In “An Emotion Regulation Framework for Child Welfare Intervention and Programming” in the September 2014 Social Service Review, McMillen, Colleen Cary Katz, PhD ’14, an assistant professor at Hunter College, and Emily Claypool, AM ’13, a social worker at the Infant Welfare Society in Chicago, survey the research on the topic and suggest how it could improve the child welfare system.

McMillen says the survey, which took into account more than a hundred studies, had its start from what he heard from foster parents he worked with in St. Louis. These foster parents, who cared for especially difficult children, struggled with what struck them as extreme emotional immaturity. A simple request to pick up a dirty towel might set off a 45-minute tantrum.

“It made fostering these kids unpleasant,” McMillen says. “We weren’t having much success with emotional outbursts. The behavioral therapy we were using didn’t do much good.” When he studied the research on emotion regulation, he says, he learned so much that he decided that the information might help others too.

Scientists say emotional episodes typically begin with a change in an individual’s environment that threatens a personal goal, provoking an emotional reaction. Individuals with a high capacity for emotion regulation can quickly recognize the goal at stake and reframe threats and identify new strategies. This capacity, which involves what is known as “executive functioning,” arises in a child’s preschool years and develops through adolescence.
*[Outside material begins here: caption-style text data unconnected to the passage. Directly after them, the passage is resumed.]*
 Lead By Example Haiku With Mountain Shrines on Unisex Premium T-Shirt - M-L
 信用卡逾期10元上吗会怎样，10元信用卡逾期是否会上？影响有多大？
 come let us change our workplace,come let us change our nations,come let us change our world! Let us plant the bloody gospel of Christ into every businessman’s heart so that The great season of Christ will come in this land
Responsive parenting by caregivers who engage a child’s emotions (rather than dismiss them) and provide examples of their own efforts to regulate emotion can help this development.
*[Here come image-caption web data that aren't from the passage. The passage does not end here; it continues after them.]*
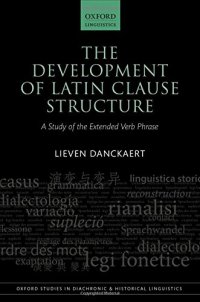 cover of the book The Development of Latin Clause Structure: A Study of the Extended Verb Phrase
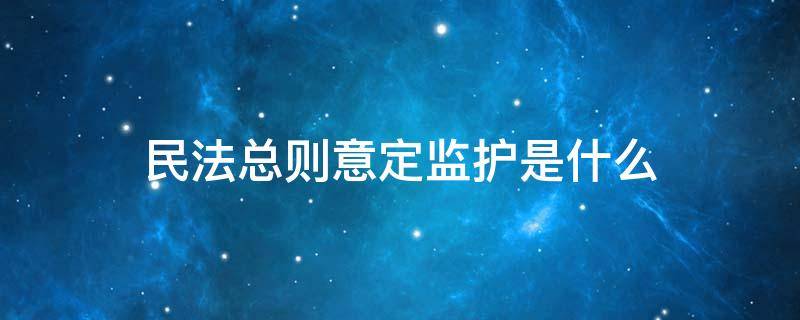 民法总则意定监护是什么 民法总则监护人的设定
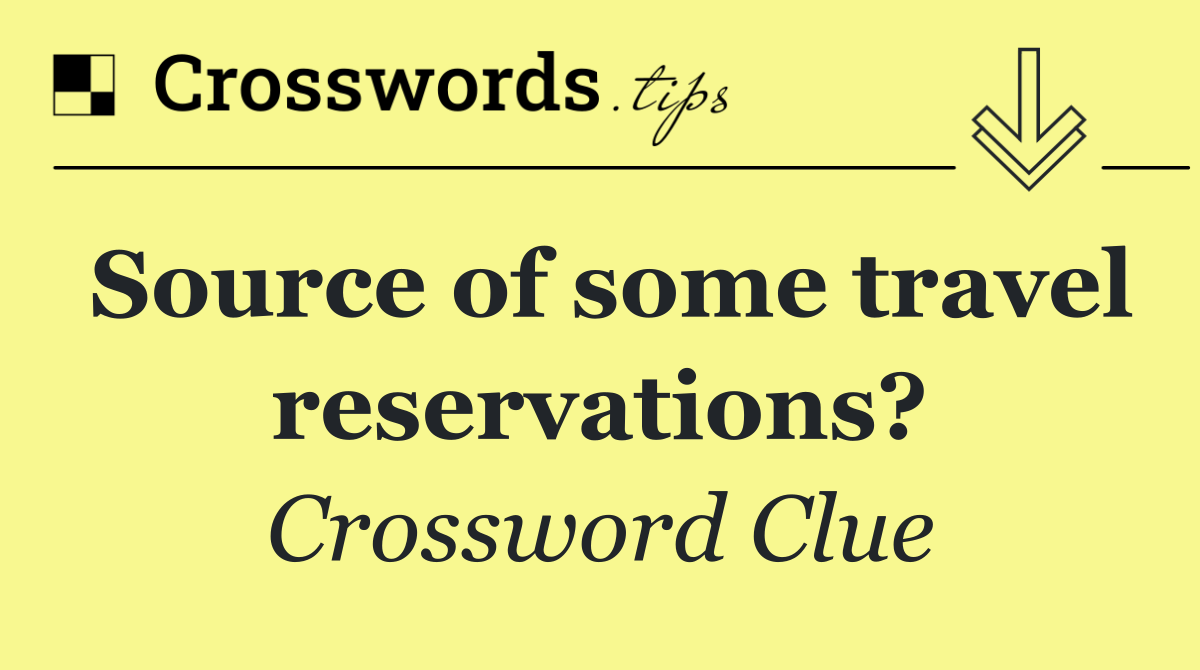 Source of some travel reservations?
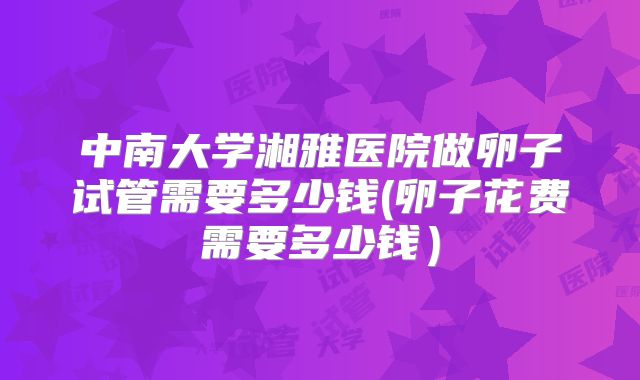 中南大学湘雅医院做卵子试管需要多少钱(卵子花费需要多少钱）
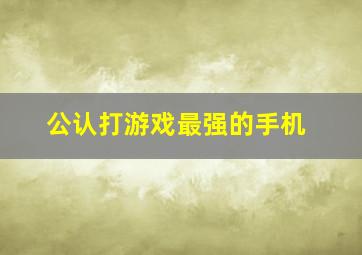 公认打游戏最强的手机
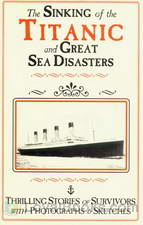 The Sinking of the Titanic and Great Sea Disasters by Logan Marshall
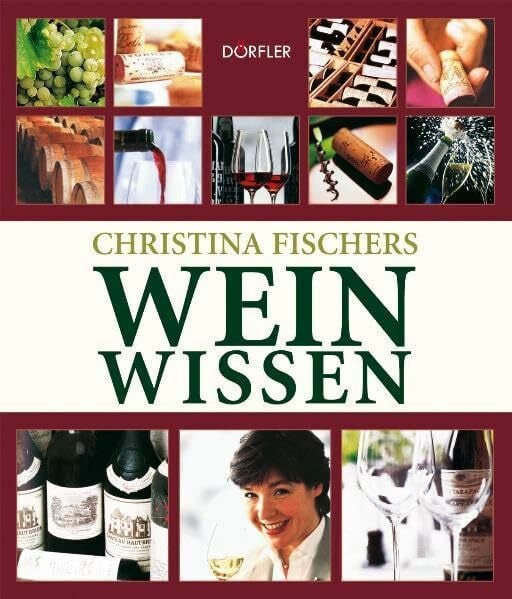 Fischer, Christina Christina Fischers Weinwissen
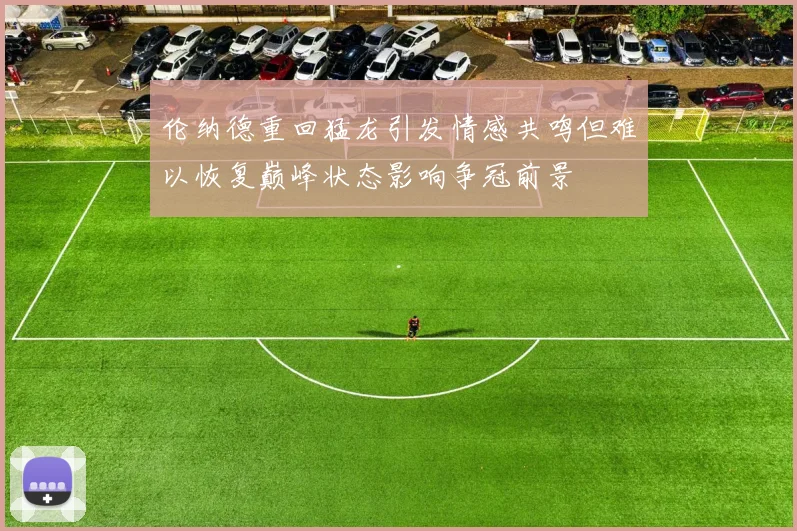 伦纳德重回猛龙引发情感共鸣但难以恢复巅峰状态影响争冠前景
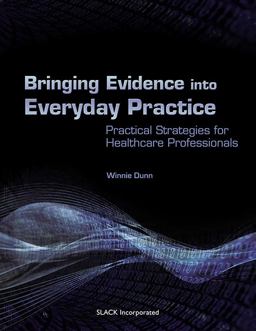 Bringing Evidence into Everyday Practice Practical Strategies for Healthcare Professionals  9781556428210 Front Cover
Researchers have found that many children entering the child welfare system have a diminished capacity to regulate emotion, and they have identified links between deficient emotion regulation and a range of poor outcomes. Substance abuse, for example, may be seen as an effort to suppress unwanted emotion. Anxiety can be understood as a disorder in which individuals regularly perceive threats to their personal goals and cope poorly with the resulting fear.
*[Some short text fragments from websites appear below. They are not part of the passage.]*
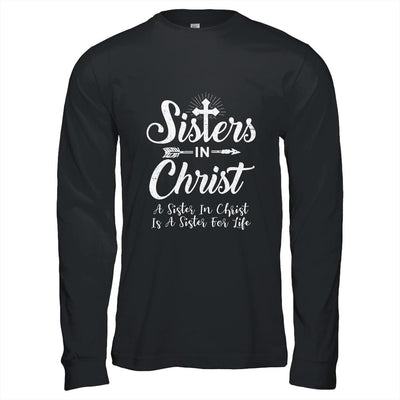 Sisters In Christ Is A Sister For Life Christianity-T-Shirt & Hoodie-Long Sleeve T-Shirt-Black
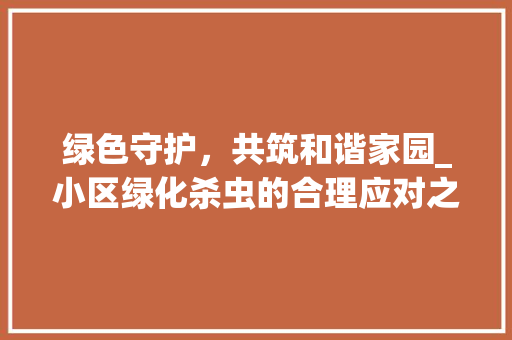 绿色守护，共筑和谐家园_小区绿化杀虫的合理应对之路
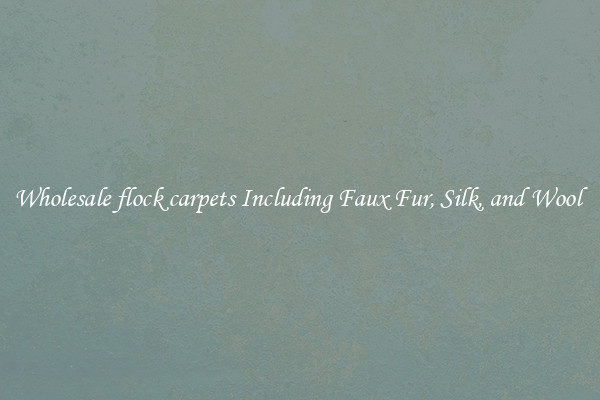 Wholesale flock carpets Including Faux Fur, Silk, and Wool 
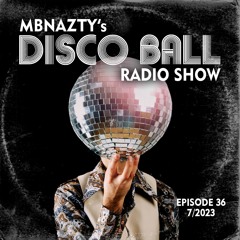 Disco Ball Radio Show - Ep 36 - 07/2023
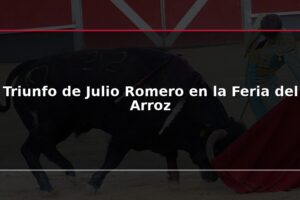 Triunfo de Julio Romero en la Feria del Arroz
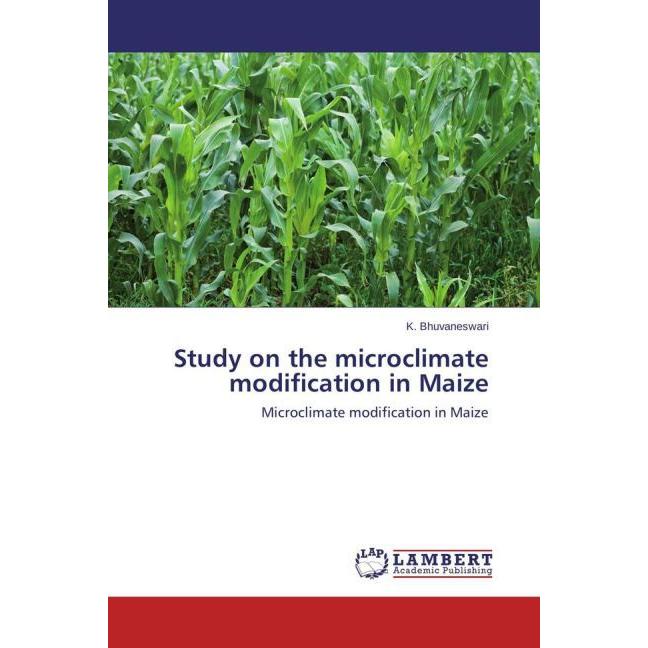 Study on the microclimate modification in Maize, Fachbücher von K. Bhuvaneswari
How can an understanding of emotion regulation improve child welfare services? The authors suggest three ways. First, they say it can enrich existing approaches such as behavioral therapies and attachment theory. In cognitive therapy, for example, clinicians might work with children to challenge notions that emotions are bad or that they invariably last for a long time. Second, the authors say child welfare programs might import existing clinical protocols. They cite ten examples, including affect regulation training, acceptance and commitment therapy and mindfulness-based cognitive therapy.

Third, research on emotion regulation could serve as the basis for new programs and interventions. The authors list a range of “clinical targets” that could serve as goals for these interventions, such as the ability to recognize the unhelpful thinking that can arise during emotional episodes, new behavioral habits during moments of emotional crisis, and a willingness to express what one wants from others during moments of high emotion.

The authors admit that an emotion regulation approach has shortcomings. Researchers do not agree on many of the details of emotion regulation. “Global measures” of emotion regulation, they say, may be too general. “When people measure it, it seems to be correlated to so many important things. It may be we haven’t related to something very specific and what we’ve measured is your general ability to get along in the world,” McMillen says.

For McMillen, the most surprising result of the study was how it changed his own views of emotion. Indeed, he says a better understanding of emotion regulation can help people in many different circumstances, and not just in social work. “I have a completely different angle on it than I had before,” he says. “I’m more sympathetic toward the person who’s emotionally upset. It’s easier for me to understand them.”

McMillen, J. Curtis, Colleen Cary Katz, and Emily J. Claypool. “An Emotion Regulation Framework for Child Welfare Intervention and Programming. Social Service Review 88 (3):443-68.